#### Data below

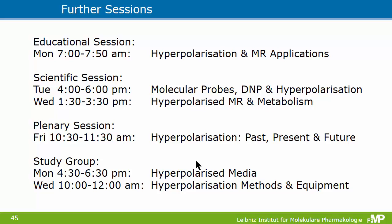With that, I would like to thank you for your attention. Here is a list of further sessions on hyperpolarization coming up this week, in different formats including educational sessions and plenary sessions. Thank you for your attention.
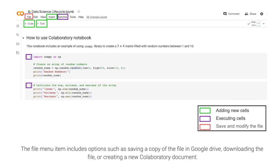The File menu item includes options such as saving a copy of the file in Google Drive, downloading the file, or creating a new Collaboratory document.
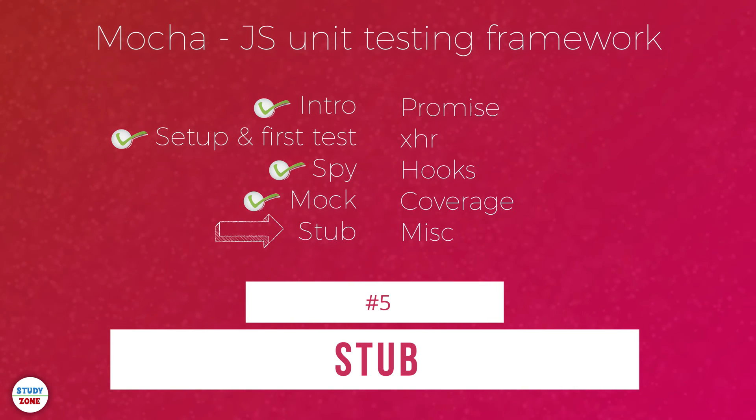In the previous tutorial, we learnt about mocking, why mocking is not sufficient always, and why and how should we use stubs. We are going to learn that in this tutorial.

########

» **What is being asked**
Pictures must be left out. Repeat exactly the lines from the one containing "The File menu" through the final line of the data.

» **Response box**
The File menu item includes options such as saving a copy of the file in Google Drive, downloading the file, or creating a new Collaboratory document.
In the previous tutorial, we learnt about mocking, why mocking is not sufficient always, and why and how should we use stubs. We are going to learn that in this tutorial.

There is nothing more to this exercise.